The pymisp doc for the tags() method says simply "Get the list of existing tags". I expected this method to be implemented as roughly "select * from misp.tags;" at the database and return answers quickly. Instead, our version 2.4.131 system requires about 100 seconds to return a list of about 3,300 tags, using the default pythonify=False option.

I checked the database where I see queries like this running:

SELECT COUNT(*) AS `count` FROM `misp`.`attributes` AS `Attribute` 
LEFT JOIN `misp`.`events` AS `Event` ON (`Attribute`.`event_id` = `Event`.`id`) 
LEFT JOIN `misp`.`sharing_groups` AS `SharingGroup` ON (`Attribute`.`sharing_group_id` = `SharingGroup`.`id`) 
LEFT JOIN `misp`.`objects` AS `Object` ON (`Attribute`.`object_id` = `Object`.`id`)  
WHERE `Attribute`.`id` IN (39717, 39730, 39751, ..

Here's a sample Tag from the response list. Interestingly, the database column 'numerical_value' is not returned, but other fields are returned.
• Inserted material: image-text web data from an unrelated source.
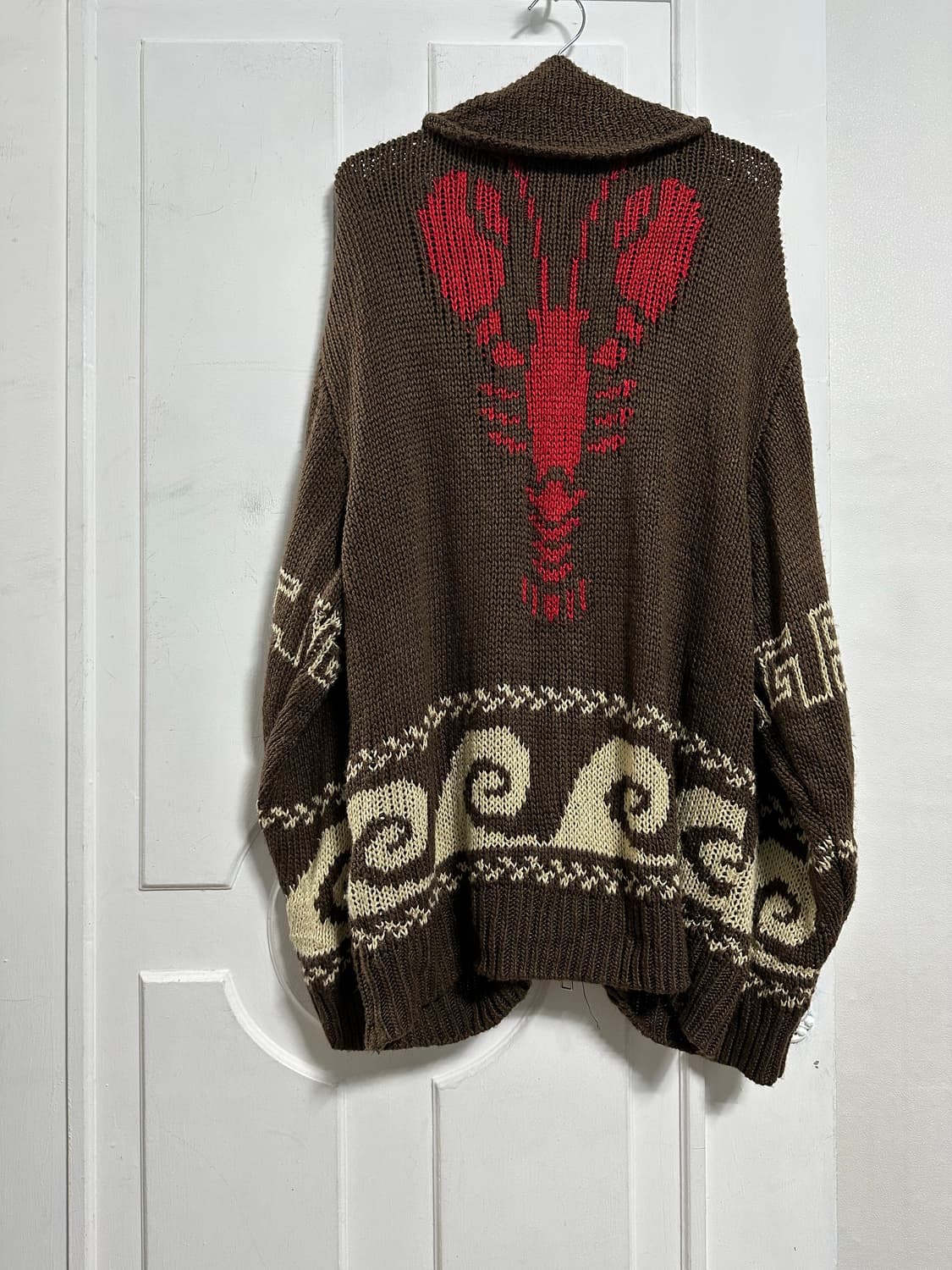 코드그라피 코위찬 니트 집업 상품이미지2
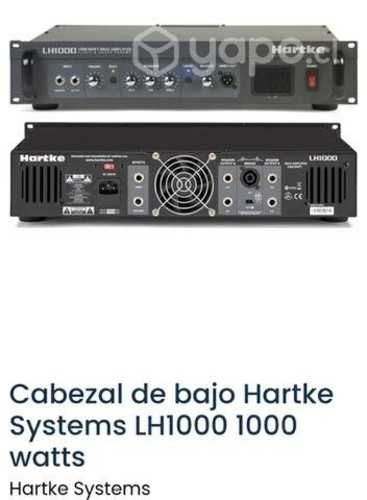Amplificador de bajo Hartke LH1000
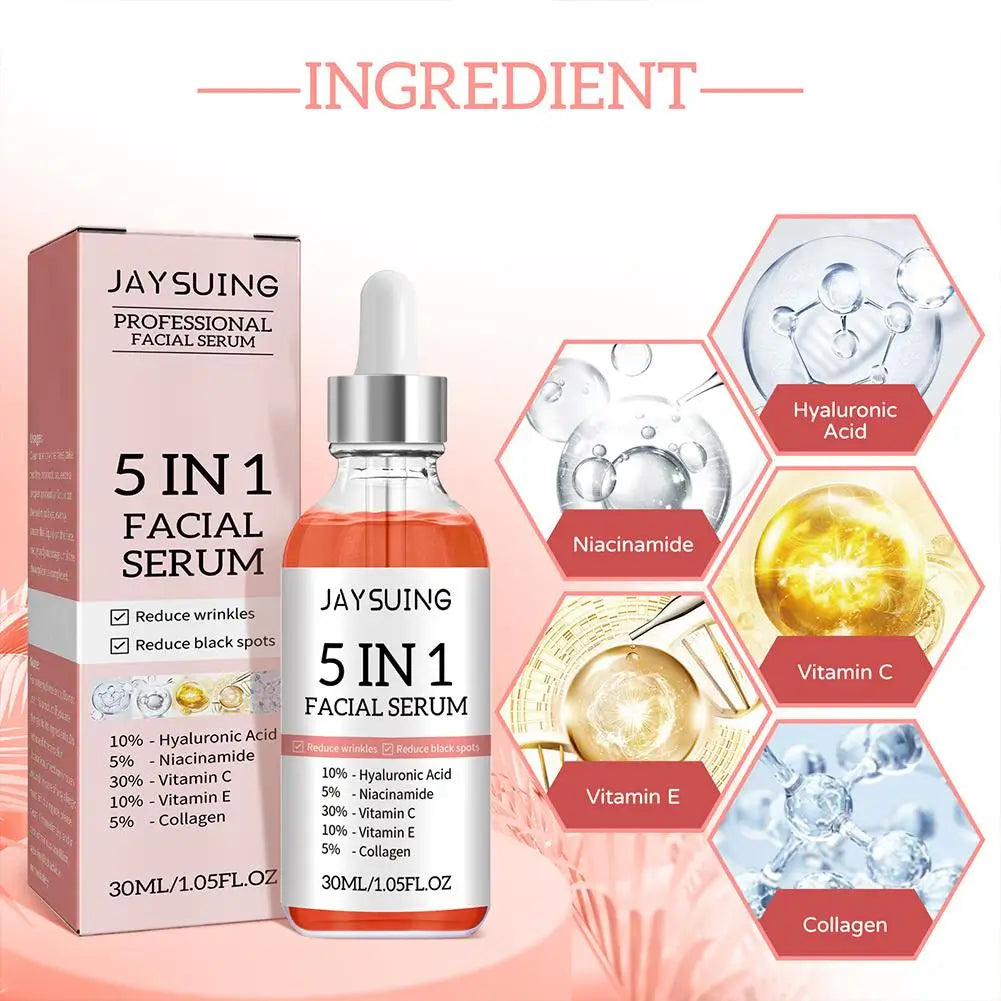 5-in-1 Hyaluronic Acid Face Serum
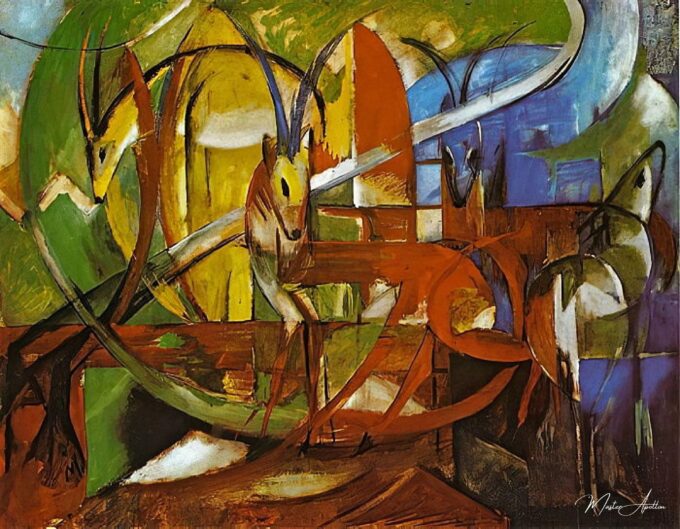 Gacelas – Franz Marc Franz Marc 2025-05-20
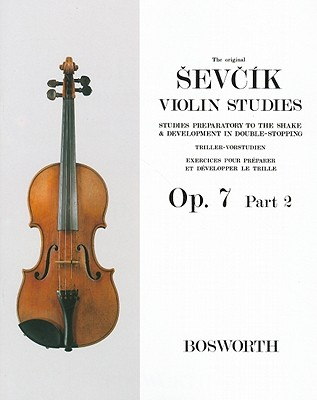Sevcik, Violin Studies Opus 7 Part 2 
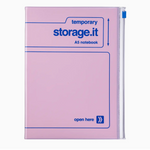 Refillable Notebook - Pink (A5)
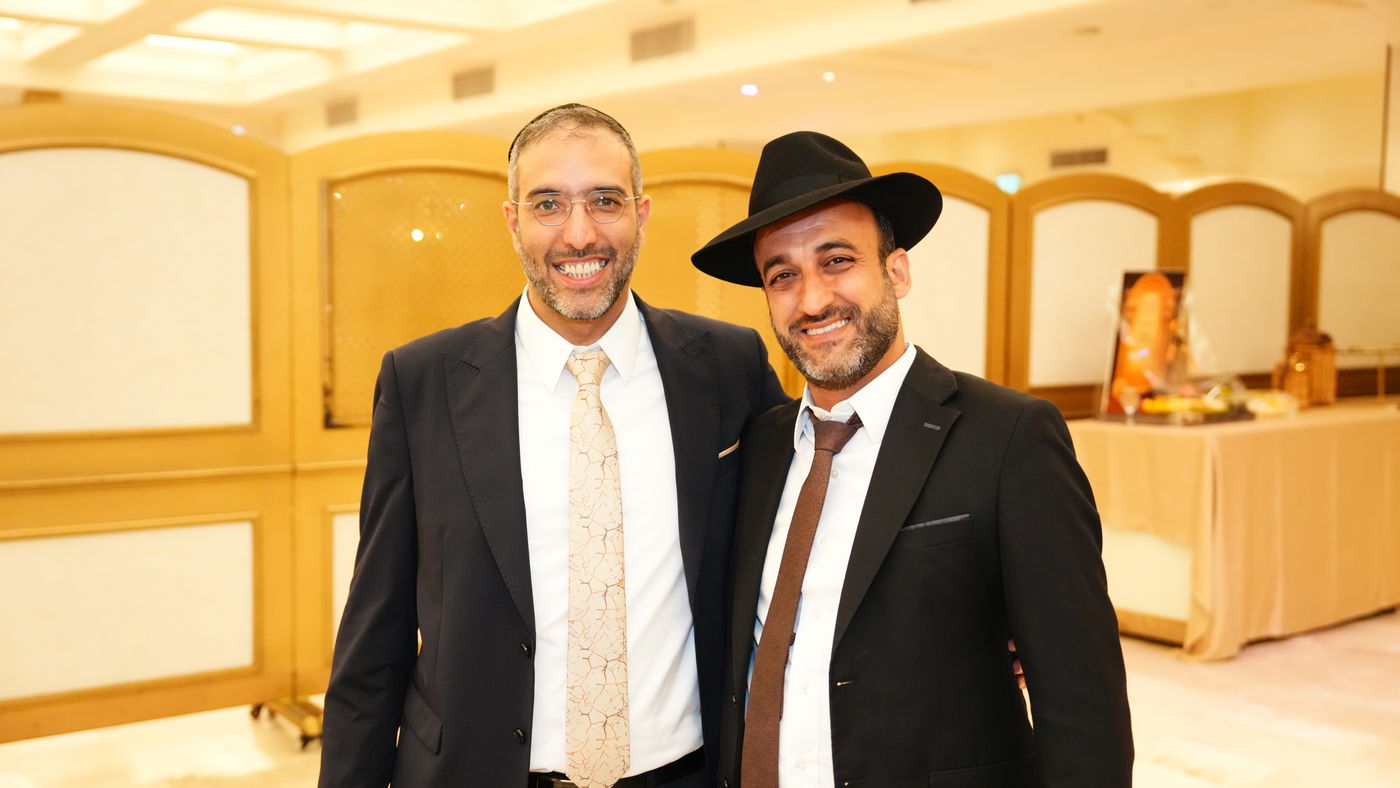 איתי גדסי בירמץ את בנו; מי הגיע לאחל מזל טוב? | צפו בתיעוד נרחב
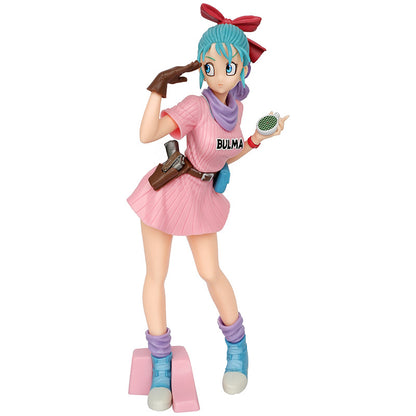 Dragon Ball Girls Series Figures: Launch, Bulma, Dili, Chi-Chi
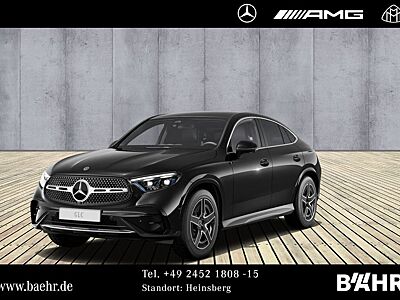 Mercedes-Benz GLC 300 d 4M Coupé AMG/AHK/360°/Digital-Light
I cannot find any explanation of fields "count" and "attribute_count" but I bet those are the usages of this tag:

{"id": "1221", "name": "malware_classification:malware-category=\"Botnet\"", "colour": "#22681c", "exportable": true,
  "org_id": "0", "hide_tag": false, "user_id": "0", "count": "0", "attribute_count": "0", "favourite": false}

I think the root cause of this issue is probably documentation, not software. If I'm right in guessing that the tags() method's results contain stats for every tag about its usage in events and attributes, then I'll be glad to submit a PR with an extended docstring for the tags() method.

chrisinmtown commented 3 years ago

Alternately, would you accept a feature request to make the behavior of the tags() method configurable? For example, add parameter usage; if True (default) then do the massive join and return the count/attribute fields, otherwise do not.

Rafiot commented 3 years ago

@mokaddem @iglocska any idea what do do there? Maybe allow to paginate?

chrisinmtown commented 3 years ago

I suggest applying the following patch to explain the tags() method response.

diff --git a/pymisp/api.py b/pymisp/api.py
index 05c3b25..24bbb16 100644
--- a/pymisp/api.py
+++ b/pymisp/api.py
@@ -787,7 +787,9 @@ class PyMISP:
     # ## BEGIN Tags ###

     def tags(self, pythonify: bool = False) -> Union[Dict, List[MISPTag]]:
-        """Get the list of existing tags.
+        """Get the list of existing tags and their usage.
+        In the response, each tag has key 'count' with the number of tagged events
+        and key 'attribute_count' with the number of tagged attributes.

         :param pythonify: Returns a list of PyMISP Objects instead of the plain json output. Warning: it might use a lot of RAM
         """
Rafiot commented 3 years ago

Done for the docstring: https://github.com/MISP/PyMISP/commit/7e84c36406905e8f976571cf0dcf2f3c3e9b5fc3

Thanks!

chrisinmtown commented 3 years ago

The improved docstring addresses my question here, thank you, feel free to close this issue. Alternately I could rewrite this issue as a feature request: tags() should accept pagination parameters.

Rafiot commented 3 years ago

As it doesn't resolves the performance problem, and that we do not have a clean solution for that now, we will keep it open.